There’s been a thought bouncing around in my head for the last few days, patiently waiting for me to get around to properly formulating it into some idea that other people might understand. Since I don’t anticipate that I’ll ever actually write something coherent I’m just going to throw it onto the page in whatever form it takes and hope that it’s understandable. Like vomitting alphabet soup, only without the rank odour.

Essentially the thought is this: I’ve been comparing software to religion and, in particular, open-source to atheism. Most importantly at this point I should point out that the only reason in this analogy that open-source is atheism is that those happen to be the aspects of these two fields that I support. It’s nothing, so far as I can see, to do with Godless communism.

Here’s my take on open-source: I support it, I want it to succeed, and I think that the world wouldn’t be a bad place if all software was open-source. I aknowledge the improbability of this, so I take heart in the fact that real competition in software tends to create an environment where open-source can thrive. When Microsoft controls most of the office productivity software, with Word as the de facto standard, it creates difficulties for Open Office and other packages. They have to work harder just to work at all.

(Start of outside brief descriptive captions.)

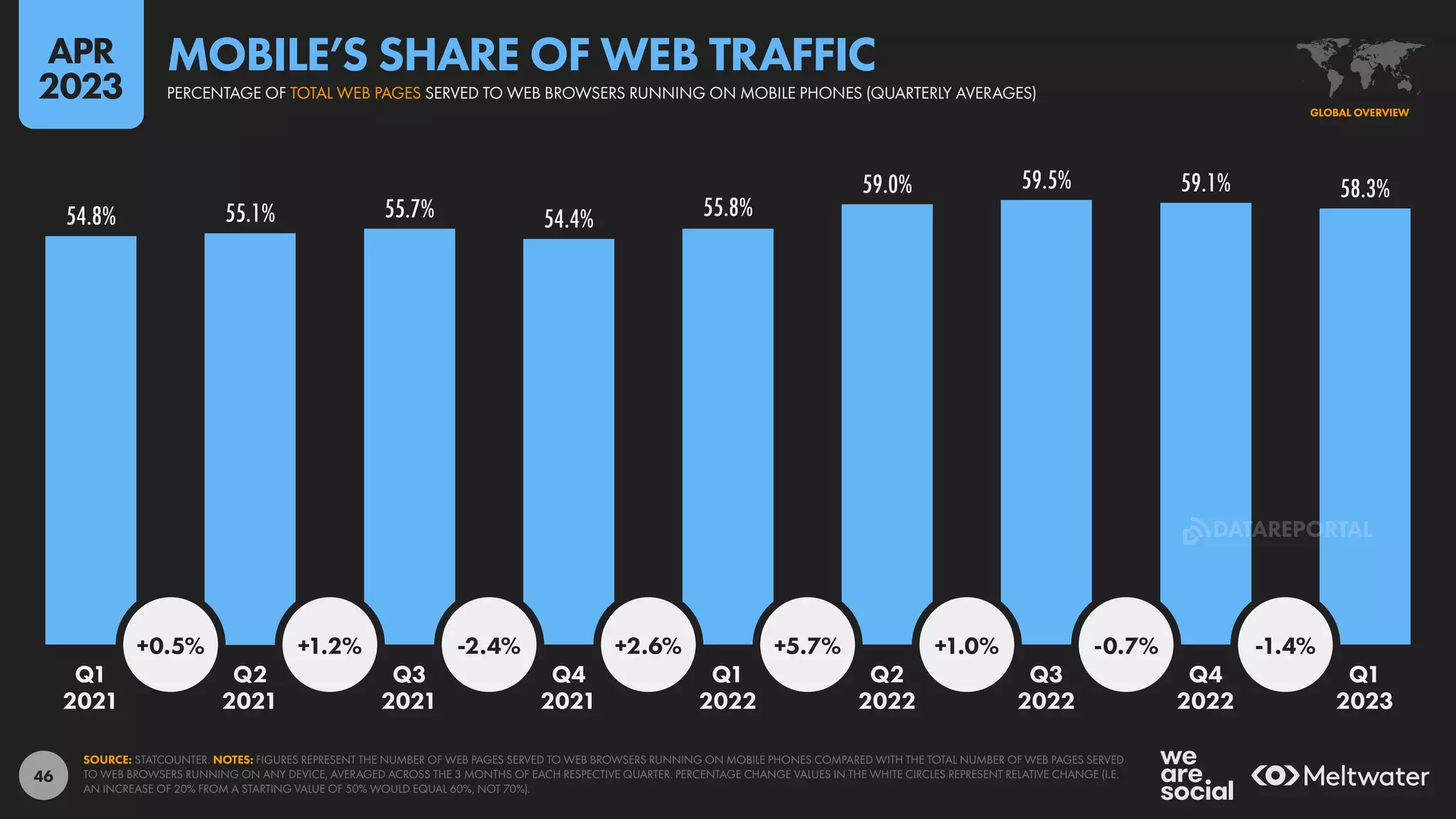 46
54.8% 55.1% 55.7% 54.4% 55.8%
59.0% 59.5% 59.1% 58.3%
+0.5% +1.2% -2.4% +2.6% +5.7% +1.0% -0.7% -1.4%
Q1 Q2 Q3 Q4 Q1 Q2 Q3 Q4 Q1
2021 2021 2021 2021 2022 2022 2022 2022 2023
SOURCE: STATCOUNTER. NOTES: FIGURES REPRESENT THE NUMBER OF WEB PAGES SERVED TO WEB BROWSERS RUNNING ON MOBILE PHONES COMPARED WITH THE TOTAL NUMBER OF WEB PAGES SERVED
TO WEB BROWSERS RUNNING ON ANY DEVICE, AVERAGED ACROSS THE 3 MONTHS OF EACH RESPECTIVE QUARTER. PERCENTAGE CHANGE VALUES IN THE WHITE CIRCLES REPRESENT RELATIVE CHANGE (I.E.
AN INCREASE OF 20% FROM A STARTING VALUE OF 50% WOULD EQUAL 60%, NOT 70%).
GLOBAL OVERVIEW
PERCENTAGE OF TOTAL WEB PAGES SERVED TO WEB BROWSERS RUNNING ON MOBILE PHONES (QUARTERLY AVERAGES)
MOBILE’S SHARE OF WEB TRAFFIC
APR
2023
DATAREPORTAL
 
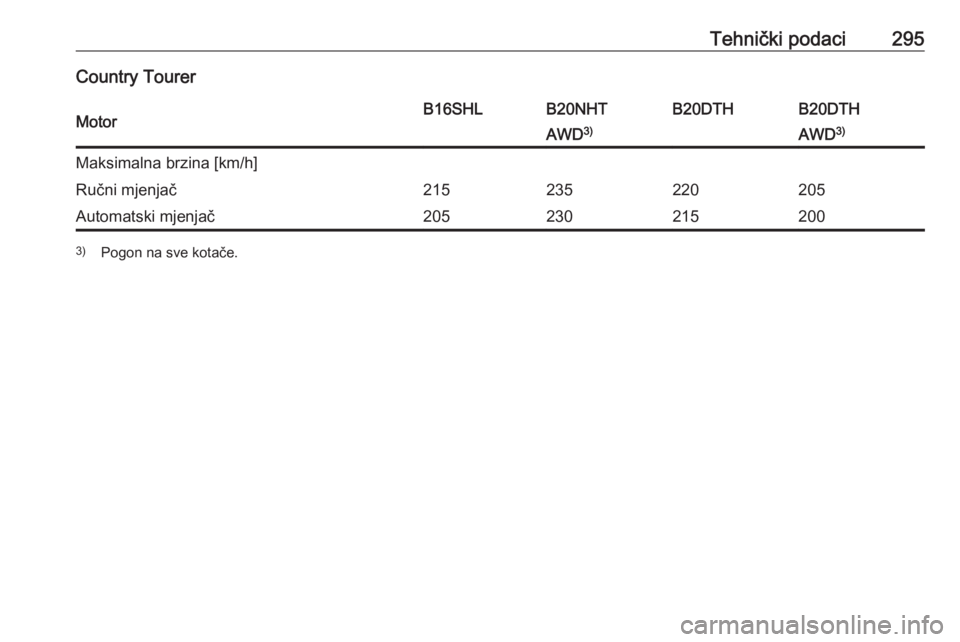 OPEL INSIGNIA 2016  Priručnik za vlasnika (in Croatian) Tehnički podaci295Country TourerMotorB16SHLB20NHTB20DTHB20DTHAWD3)AWD3)Maksimalna brzina [km/h]Ručni mjenjač215235220205Automatski mjenjač2052302152003)
Pogon na sve kotače. 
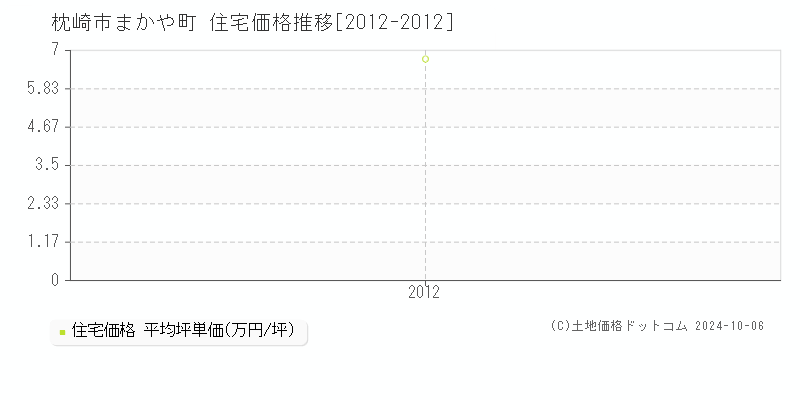 まかや町(枕崎市)の住宅価格推移グラフ(坪単価)[2012-2012年]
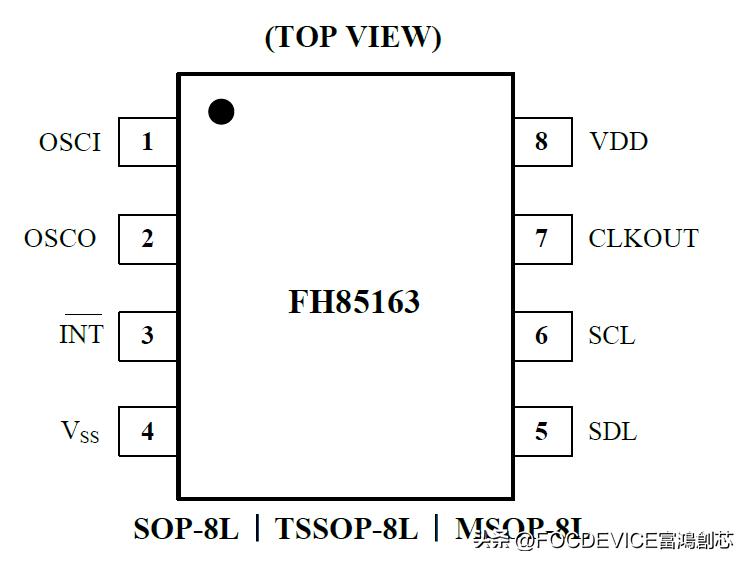 RTC clock IC, IIC interface, 56 bytes RAM, 32K output, low power ...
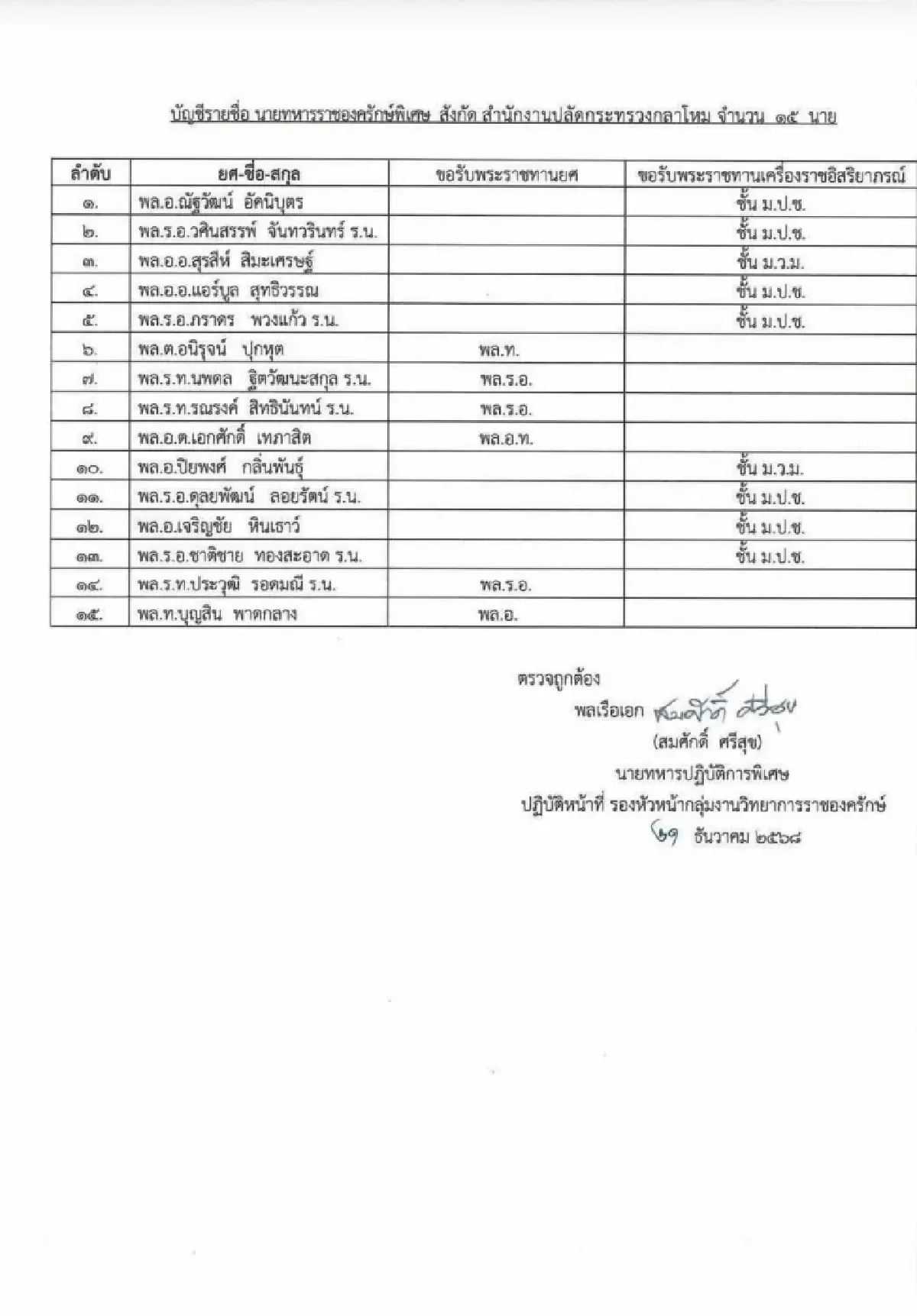 โปรดเกล้าฯ พระราชทานยศพลเอกแม่ทัพกุ้งตั้งเป็นราชองครักษ์พิเศษ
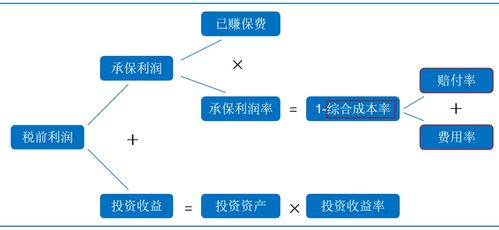 “已赚保费”真相：你支付的保费，保险公司如何“赚得”？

When most people use Internet Explorer to browse the Web, and consequently many websites only work with that browser, it makes it harder for other browsers to compete. When there’s competition, from Firefox, from Opera, from Safari, developers are forced (eventually) to code to standards. Imagine the number-two browser right now was Opera instead of Firefox, so the market was still controlled by closed-source prorietary software vendors. Wouldn’t it still be creating a better environment for the open-source browsers?

So that’s where religion comes in. I’m finally coming around to the idea that it’s not the religion that’s bad, it’s the monopoly. Fundamentalist Christianity holds a monopoly on American religion; Catholicism has the same thing here. If that monopoly was to be diminished somehow, by atheism or otherwise, it would be good for atheists. When people have to live and work with people of different or opposing faiths, it’s not a huge leap—or indeed any leap at all—to start behaving themselves in the presence of people without faith too.

The War on Pseudoscience

Because James Ben seems to be very keen on getting this Google bomb up to the top spot, and because I hate pseudoscience as much as the next man (unless the next man is PZ Meyers or Richard Dawkins, in which case I may not hate it quite as much but only because I haven’t had as long a run up as either of them) I bring you Penta Water, or at least the Guardian’s Bad Science take on it.

Government-Sanctioned Opression

I noticed during my endless window-staring on the cursed 84x in to college this morning that a few of the shops I passed were closed. There weren’t that many, but seeing as it was about 10 o’clock on a Wednesday morning I was surprised to see any shops closed. You have to wonder why their proprietors chose not to open up this morning. Of course I didn’t wonder, because the reason was immediately apparent from the fact that all of these mysteriously-closed establishments were off-licences. Ash Wednesday. One of the (thankfully) few days left in this country when it becomes okay for the Catholic majority to opress the rest of us.

Last time I checked—which was, incidentally, just a few moments ago at the census website—over 11 percent of the population of Ireland was composed of non-Catholics. Maybe I should be thankful I’m still allowed to eat meat (note to Catholics: fish is meat).

Barriers to One-Click Publishing

I have four installations of Firefox—one each on Windows and Linux in college and at home—each with slightly different settings, extensions, and bookmarks. None of them (until just a few seconds ago) had a bookmark for the posting page for SoylentRed. This may be part of the reason for my infrequent posting. Alternatively it may just be a symptom.